Since 1921, the Betty Crocker name has symbolized General Mill’s continuing tradition of service to consumers. Although Betty was never a real person, her name and identity have become synonymous with helpfulness, trustworthiness and quality. It all began when a promotion for Gold Medal Flour offered consumers a pin cushion resembling a flour sack if they correctly completed a jigsaw puzzle of a milling scene. The Washburn Crosby Company, a forerunner of General Mills, received thousands of responses and a flood of questions about baking.
"Betty Crocker" was created as a signature to personalize the responses to those inquiries. The surname Crocker was chosen to honor a popular, recently retired director the company, William G. Crocker. Betty was chosen simply as a friendly sounding name. Female employees were invited to submit sample Betty Crocker signatures; the one judged most distinctive is the basis for the one still in use today.

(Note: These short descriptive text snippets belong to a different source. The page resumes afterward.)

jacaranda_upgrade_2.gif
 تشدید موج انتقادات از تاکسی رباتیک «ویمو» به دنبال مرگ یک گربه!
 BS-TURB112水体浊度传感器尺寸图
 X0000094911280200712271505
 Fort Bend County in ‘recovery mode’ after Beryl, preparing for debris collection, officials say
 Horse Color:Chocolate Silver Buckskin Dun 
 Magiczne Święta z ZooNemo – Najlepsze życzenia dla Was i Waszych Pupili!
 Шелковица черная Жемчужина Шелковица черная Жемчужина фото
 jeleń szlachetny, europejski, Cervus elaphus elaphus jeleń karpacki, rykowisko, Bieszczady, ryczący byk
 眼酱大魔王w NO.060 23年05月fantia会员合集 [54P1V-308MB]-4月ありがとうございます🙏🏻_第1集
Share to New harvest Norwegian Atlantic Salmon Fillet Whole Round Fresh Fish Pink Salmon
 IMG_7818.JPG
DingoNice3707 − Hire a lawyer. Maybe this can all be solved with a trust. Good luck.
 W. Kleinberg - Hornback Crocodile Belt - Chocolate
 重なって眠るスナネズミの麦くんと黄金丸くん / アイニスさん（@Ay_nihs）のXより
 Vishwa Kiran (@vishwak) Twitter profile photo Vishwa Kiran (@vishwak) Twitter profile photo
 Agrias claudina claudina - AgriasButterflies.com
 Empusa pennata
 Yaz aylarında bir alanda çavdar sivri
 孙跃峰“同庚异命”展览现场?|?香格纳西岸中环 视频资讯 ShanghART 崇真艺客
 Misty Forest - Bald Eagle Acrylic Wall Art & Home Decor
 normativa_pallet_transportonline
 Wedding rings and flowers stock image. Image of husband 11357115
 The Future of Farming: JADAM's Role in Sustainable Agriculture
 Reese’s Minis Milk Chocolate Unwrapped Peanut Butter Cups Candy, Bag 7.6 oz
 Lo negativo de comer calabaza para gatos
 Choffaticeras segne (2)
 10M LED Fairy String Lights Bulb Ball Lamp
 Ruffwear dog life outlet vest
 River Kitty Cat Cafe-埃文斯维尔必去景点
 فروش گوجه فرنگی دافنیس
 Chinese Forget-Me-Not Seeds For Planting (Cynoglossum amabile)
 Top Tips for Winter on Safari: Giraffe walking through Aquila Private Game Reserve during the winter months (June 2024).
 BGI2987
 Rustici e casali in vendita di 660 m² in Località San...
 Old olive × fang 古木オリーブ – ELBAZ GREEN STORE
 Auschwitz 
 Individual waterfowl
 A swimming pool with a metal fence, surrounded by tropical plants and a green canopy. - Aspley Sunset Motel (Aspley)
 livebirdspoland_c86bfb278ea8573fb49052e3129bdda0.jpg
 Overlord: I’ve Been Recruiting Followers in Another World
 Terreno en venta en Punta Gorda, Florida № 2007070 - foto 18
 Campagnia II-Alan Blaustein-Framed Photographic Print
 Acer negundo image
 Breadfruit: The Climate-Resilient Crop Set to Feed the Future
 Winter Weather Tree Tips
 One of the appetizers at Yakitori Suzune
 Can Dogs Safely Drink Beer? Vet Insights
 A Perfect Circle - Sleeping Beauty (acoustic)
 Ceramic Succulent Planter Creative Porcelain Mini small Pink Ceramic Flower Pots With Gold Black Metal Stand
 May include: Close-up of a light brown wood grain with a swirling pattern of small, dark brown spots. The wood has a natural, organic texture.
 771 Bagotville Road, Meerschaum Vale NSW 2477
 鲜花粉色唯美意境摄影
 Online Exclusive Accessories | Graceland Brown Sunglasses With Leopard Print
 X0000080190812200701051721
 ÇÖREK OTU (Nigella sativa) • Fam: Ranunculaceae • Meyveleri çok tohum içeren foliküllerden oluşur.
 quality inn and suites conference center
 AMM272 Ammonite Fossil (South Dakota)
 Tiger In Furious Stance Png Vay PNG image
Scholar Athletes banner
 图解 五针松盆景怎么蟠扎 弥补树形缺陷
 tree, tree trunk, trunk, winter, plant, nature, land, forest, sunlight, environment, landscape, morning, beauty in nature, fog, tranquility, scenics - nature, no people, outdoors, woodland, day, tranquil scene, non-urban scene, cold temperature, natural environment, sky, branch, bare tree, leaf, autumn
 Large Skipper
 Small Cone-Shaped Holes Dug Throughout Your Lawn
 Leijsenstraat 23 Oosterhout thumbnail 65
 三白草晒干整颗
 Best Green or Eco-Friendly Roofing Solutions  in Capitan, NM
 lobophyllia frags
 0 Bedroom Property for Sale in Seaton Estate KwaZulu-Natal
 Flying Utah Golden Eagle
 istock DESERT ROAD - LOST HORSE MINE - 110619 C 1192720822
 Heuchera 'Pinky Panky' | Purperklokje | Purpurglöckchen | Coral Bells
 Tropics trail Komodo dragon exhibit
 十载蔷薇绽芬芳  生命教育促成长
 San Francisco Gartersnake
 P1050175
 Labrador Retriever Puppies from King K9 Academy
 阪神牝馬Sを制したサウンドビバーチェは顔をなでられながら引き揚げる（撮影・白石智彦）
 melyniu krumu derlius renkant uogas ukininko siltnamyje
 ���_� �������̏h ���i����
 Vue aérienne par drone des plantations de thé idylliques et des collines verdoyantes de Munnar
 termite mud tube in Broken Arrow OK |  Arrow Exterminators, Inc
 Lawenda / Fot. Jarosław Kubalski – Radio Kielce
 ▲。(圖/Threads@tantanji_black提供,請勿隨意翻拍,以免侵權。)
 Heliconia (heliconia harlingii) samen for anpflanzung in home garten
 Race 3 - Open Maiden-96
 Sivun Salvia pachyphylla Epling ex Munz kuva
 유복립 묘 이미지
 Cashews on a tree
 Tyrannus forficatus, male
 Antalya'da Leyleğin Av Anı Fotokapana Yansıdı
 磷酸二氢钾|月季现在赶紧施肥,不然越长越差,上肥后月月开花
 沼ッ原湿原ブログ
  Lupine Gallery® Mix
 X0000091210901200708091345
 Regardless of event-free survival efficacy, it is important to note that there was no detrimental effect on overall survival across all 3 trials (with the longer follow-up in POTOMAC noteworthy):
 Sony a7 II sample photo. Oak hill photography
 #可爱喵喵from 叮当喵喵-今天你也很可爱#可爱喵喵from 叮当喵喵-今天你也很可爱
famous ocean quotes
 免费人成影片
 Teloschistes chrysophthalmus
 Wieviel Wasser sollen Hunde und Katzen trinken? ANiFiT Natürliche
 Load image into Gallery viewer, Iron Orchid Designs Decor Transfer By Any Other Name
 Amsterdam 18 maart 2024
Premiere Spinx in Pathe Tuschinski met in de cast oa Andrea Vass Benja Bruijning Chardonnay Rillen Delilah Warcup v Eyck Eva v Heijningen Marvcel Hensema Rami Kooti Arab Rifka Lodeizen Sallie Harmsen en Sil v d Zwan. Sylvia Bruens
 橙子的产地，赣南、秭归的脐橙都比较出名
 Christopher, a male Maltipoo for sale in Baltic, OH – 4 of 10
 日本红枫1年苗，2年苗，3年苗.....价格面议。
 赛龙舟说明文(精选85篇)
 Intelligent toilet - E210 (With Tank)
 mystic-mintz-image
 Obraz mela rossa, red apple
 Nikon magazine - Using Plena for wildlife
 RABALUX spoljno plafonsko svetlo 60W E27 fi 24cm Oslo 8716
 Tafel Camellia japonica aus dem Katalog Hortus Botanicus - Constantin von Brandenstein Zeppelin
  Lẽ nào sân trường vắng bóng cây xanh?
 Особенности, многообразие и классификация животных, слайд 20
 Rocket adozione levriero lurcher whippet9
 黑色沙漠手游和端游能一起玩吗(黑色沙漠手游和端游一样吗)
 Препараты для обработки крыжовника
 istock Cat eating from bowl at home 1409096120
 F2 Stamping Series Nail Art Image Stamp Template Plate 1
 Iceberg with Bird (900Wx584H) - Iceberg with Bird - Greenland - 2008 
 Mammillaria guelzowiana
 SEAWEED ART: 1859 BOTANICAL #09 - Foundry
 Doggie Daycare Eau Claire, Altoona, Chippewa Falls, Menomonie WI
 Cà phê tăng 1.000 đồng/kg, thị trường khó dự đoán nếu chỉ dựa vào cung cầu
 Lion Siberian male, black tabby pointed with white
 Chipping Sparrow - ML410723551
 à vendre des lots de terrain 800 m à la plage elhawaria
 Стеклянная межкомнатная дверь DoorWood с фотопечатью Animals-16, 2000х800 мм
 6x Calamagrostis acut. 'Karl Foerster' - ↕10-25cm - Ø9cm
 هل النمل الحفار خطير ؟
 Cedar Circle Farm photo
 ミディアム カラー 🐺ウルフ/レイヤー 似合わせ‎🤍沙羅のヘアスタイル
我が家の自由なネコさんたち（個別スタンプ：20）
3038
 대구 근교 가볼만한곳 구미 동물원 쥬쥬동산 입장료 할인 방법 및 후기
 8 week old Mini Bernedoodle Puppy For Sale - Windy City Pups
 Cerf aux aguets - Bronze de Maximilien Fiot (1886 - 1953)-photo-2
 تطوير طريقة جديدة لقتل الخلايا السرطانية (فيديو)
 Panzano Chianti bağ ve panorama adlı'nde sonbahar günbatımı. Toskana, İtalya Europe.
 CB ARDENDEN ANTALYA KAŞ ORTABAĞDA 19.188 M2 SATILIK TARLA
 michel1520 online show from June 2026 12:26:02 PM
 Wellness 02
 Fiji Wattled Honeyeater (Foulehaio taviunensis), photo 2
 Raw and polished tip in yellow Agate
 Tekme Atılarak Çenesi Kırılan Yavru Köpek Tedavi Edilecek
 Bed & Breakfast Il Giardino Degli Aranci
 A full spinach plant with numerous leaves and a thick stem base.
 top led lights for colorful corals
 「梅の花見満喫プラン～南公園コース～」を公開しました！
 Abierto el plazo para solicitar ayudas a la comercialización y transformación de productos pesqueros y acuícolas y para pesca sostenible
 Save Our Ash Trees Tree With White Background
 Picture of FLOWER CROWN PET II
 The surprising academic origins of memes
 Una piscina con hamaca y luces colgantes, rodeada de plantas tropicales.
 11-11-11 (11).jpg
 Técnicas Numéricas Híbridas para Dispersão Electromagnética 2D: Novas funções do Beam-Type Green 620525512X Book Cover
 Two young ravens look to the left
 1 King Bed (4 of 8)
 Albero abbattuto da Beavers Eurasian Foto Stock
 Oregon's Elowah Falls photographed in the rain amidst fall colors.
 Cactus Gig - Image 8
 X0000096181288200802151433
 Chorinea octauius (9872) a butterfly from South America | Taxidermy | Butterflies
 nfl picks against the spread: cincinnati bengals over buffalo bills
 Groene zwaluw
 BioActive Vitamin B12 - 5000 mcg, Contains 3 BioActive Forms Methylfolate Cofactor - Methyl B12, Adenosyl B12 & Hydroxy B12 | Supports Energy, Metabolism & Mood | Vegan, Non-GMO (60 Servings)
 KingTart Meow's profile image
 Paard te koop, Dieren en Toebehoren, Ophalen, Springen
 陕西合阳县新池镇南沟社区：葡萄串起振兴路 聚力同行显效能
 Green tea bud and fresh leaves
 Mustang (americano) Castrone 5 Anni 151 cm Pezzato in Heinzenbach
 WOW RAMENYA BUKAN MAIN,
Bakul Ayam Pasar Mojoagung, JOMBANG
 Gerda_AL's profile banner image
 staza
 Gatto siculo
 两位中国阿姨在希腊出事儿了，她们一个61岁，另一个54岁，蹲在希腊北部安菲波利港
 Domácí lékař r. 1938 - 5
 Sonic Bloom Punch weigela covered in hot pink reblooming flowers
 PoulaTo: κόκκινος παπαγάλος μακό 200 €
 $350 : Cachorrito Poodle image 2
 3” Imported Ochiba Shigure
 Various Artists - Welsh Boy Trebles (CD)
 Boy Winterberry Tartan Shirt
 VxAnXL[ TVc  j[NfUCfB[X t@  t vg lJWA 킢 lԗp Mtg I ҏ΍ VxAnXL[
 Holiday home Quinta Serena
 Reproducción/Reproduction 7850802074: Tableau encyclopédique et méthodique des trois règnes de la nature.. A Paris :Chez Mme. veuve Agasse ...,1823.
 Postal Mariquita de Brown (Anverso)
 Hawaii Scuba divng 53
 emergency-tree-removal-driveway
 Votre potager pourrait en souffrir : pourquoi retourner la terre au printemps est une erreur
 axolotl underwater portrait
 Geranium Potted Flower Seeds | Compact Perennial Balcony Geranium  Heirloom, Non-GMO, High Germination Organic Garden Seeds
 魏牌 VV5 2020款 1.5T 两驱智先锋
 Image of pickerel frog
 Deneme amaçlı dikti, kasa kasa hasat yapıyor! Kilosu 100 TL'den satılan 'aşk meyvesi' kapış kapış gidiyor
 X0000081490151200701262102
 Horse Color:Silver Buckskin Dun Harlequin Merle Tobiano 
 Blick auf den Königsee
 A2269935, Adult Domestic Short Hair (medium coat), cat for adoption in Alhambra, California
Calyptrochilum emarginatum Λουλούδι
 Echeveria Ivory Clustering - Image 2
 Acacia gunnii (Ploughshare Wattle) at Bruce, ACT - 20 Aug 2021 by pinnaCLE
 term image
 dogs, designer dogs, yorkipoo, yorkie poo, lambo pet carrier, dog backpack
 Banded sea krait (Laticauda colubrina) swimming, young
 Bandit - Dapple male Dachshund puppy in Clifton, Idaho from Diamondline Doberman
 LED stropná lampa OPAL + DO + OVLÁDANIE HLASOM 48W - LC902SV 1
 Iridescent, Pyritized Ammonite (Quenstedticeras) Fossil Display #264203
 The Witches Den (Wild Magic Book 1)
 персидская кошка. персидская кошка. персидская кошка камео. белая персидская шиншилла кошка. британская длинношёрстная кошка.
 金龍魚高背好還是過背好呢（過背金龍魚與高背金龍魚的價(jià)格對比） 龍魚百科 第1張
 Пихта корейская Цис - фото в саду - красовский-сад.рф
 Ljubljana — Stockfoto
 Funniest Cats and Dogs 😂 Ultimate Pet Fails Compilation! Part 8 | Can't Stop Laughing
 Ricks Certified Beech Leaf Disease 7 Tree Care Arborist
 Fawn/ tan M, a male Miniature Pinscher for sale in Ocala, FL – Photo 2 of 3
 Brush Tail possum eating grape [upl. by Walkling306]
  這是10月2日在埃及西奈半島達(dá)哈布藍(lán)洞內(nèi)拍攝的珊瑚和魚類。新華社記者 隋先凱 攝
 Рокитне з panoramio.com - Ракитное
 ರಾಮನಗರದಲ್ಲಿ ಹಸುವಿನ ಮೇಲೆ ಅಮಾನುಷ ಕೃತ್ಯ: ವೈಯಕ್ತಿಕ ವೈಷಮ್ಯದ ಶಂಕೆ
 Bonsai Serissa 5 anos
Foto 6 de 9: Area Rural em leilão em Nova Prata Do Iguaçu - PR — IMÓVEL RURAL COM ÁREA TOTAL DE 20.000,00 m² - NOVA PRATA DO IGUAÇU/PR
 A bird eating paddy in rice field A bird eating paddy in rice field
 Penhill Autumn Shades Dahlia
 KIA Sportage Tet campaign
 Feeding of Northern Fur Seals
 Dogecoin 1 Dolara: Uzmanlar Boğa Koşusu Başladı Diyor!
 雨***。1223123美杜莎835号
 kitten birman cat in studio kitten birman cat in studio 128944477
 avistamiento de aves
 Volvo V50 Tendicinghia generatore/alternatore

During this same time period, the company expanded its commitment to consumer service and product quality by sponsoring cooking schools across the country. In fact, the company launched a radio show in 1924. Later named "The Betty Crocker Cooking School of the Air" the broadcast became one of the longest running shows in radio history. The growth of consumer demand for information necessitated the hiring of 21 home economists. They were employed to carefully test and demonstrate the company’s gold medal-winning flour. This was the beginning of the Betty Crocker Kitchens.